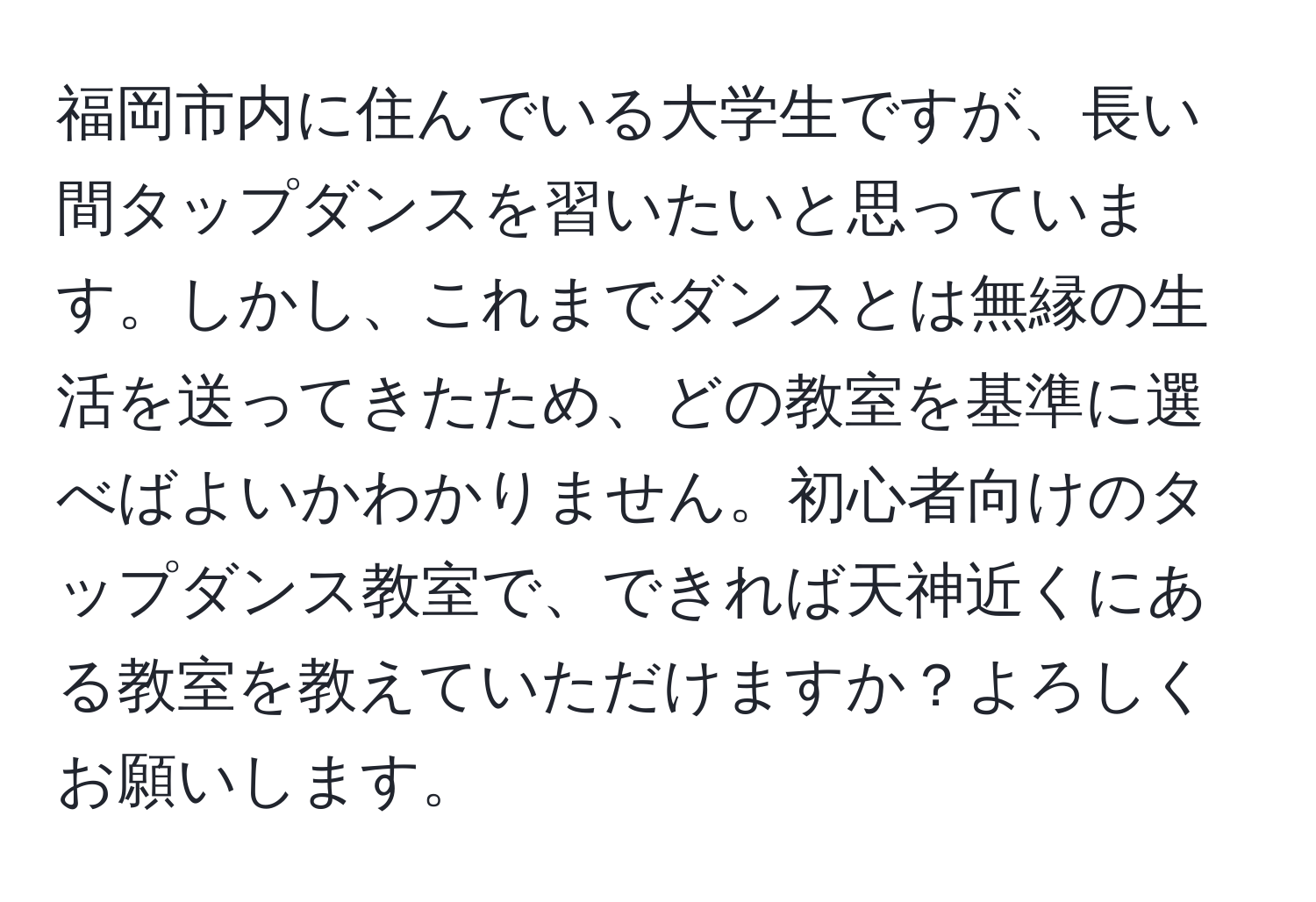 福岡市内に住んでいる大学生ですが、長い間タップダンスを習いたいと思っています。しかし、これまでダンスとは無縁の生活を送ってきたため、どの教室を基準に選べばよいかわかりません。初心者向けのタップダンス教室で、できれば天神近くにある教室を教えていただけますか？よろしくお願いします。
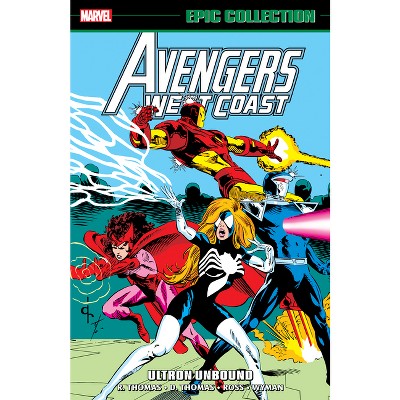 Avengers West Coast Epic Collection: Ultron Unbound - by  Roy Thomas (Paperback)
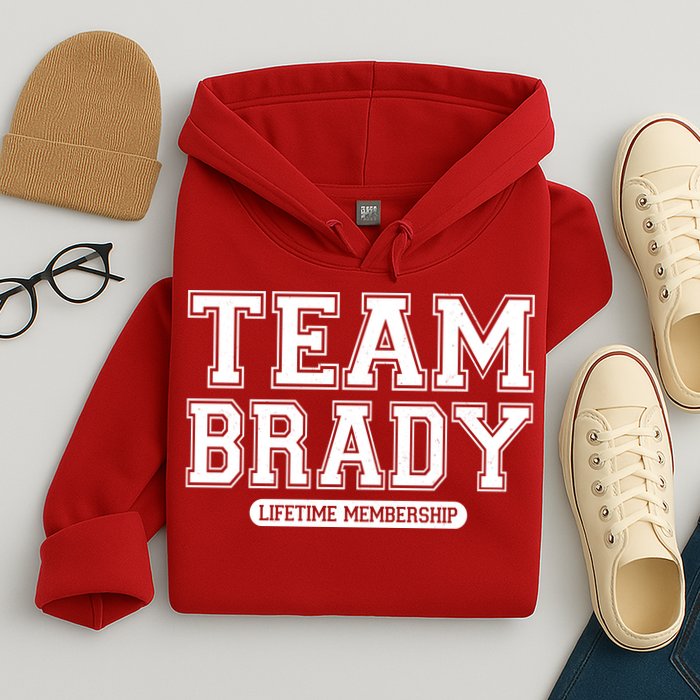 Team Brady Lifetime Memebership Hoodie
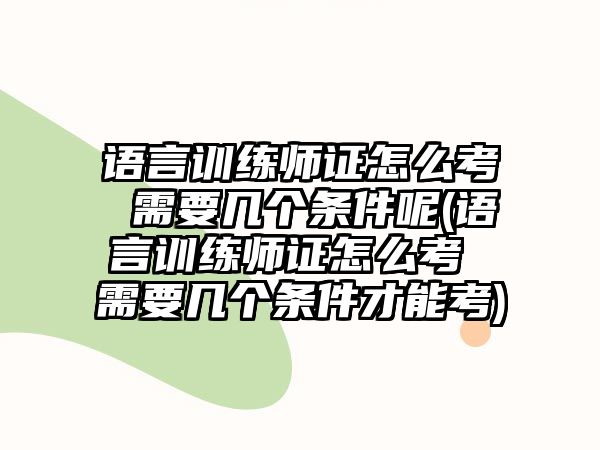 語言訓練師證怎么考 需要幾個條件呢(語言訓練師證怎么考 需要幾個條件才能考)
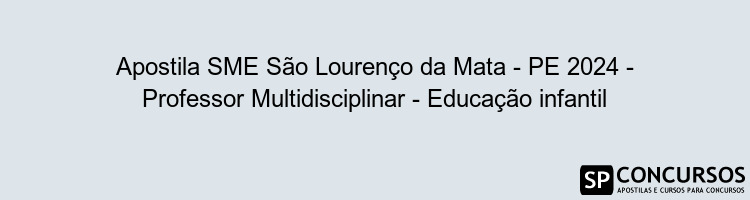 Apostila SME São Lourenço da Mata - PE 2024 - Professor Multidisciplinar - Educação infantil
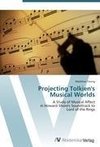 Projecting Tolkien's  Musical Worlds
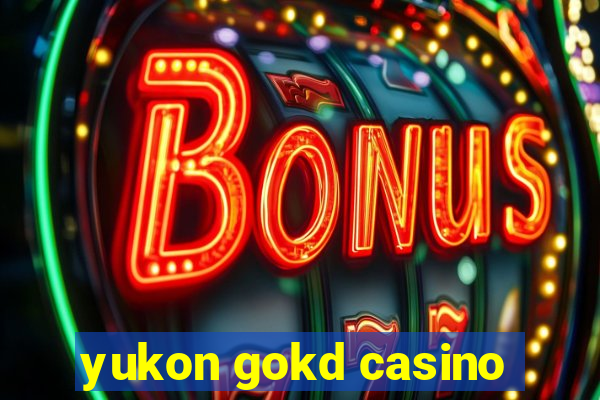 yukon gokd casino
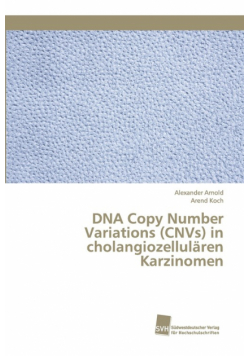 DNA Copy Number Variations (CNVs) in cholangiozellulären Karzinomen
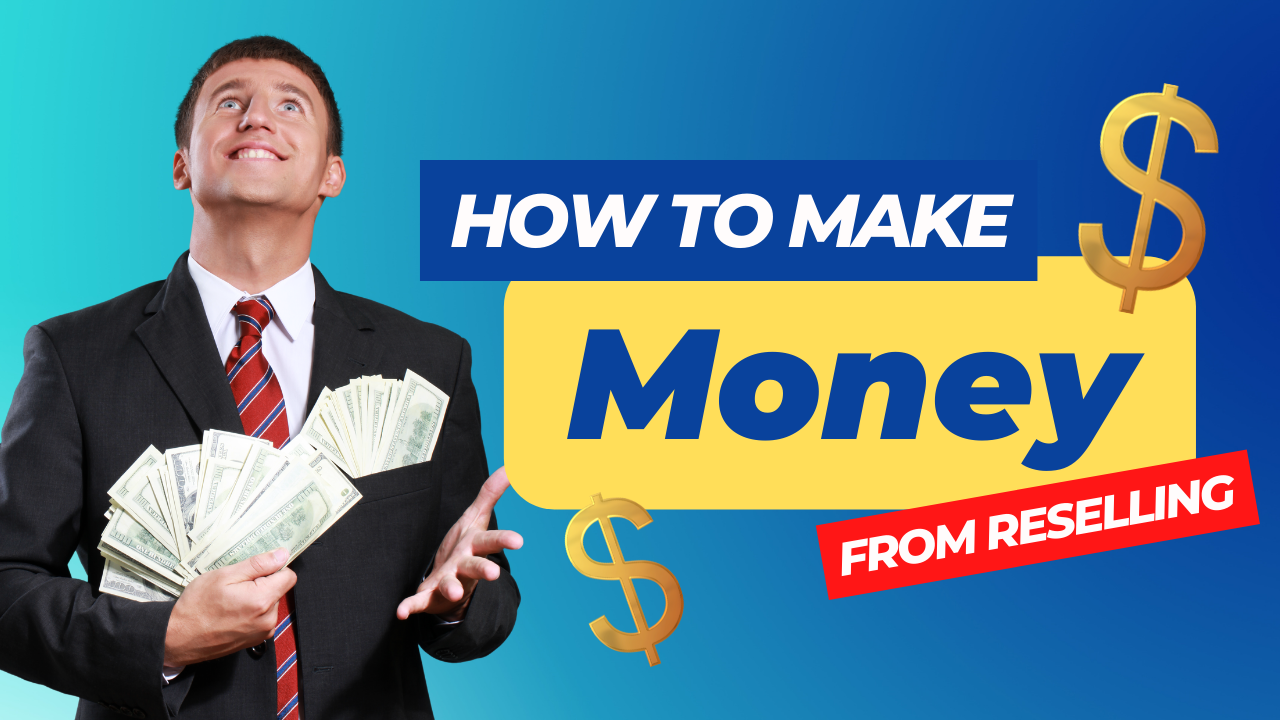 How to Make Money from Reselling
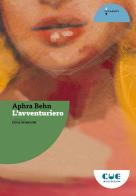 L'avventuriero di Aphra Behn edito da Cue Press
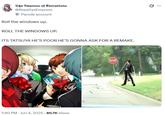 The Impress of Executions @RoyaltysEmpress Parody account Roll the windows up. ROLL THE WINDOWS UP. ITS TATSUYA HE'S POOR HE'S GONNA ASK FOR A REMAKE. .D. 1:40 PM - Jun 4, 2025 -80.7K Views STOP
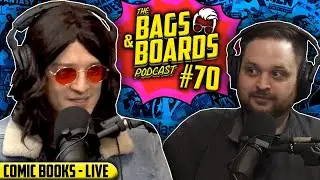 Talking OUR Incoming Comic Book & More | Bags and Boards Podcast (Episode #70)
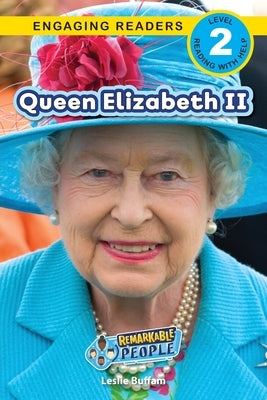 Queen Elizabeth II: Remarkable People (Engaging Readers, Level 2) by Buffam, Leslie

Task objective:
Print, exactly and with no pictures, the lines of the listing above starting at the one that has "yukon gokd casino" and ending at the one that has "L'avventuriero di Aphra", both included.

Solution for this exercise:
 yukon gokd casino
 DNA Copy Number Variations (CNVs) in cholangiozellulären Karzinomen
 How to Make Money from Reselling
 L'avventuriero di Aphra Behn edito da Cue Press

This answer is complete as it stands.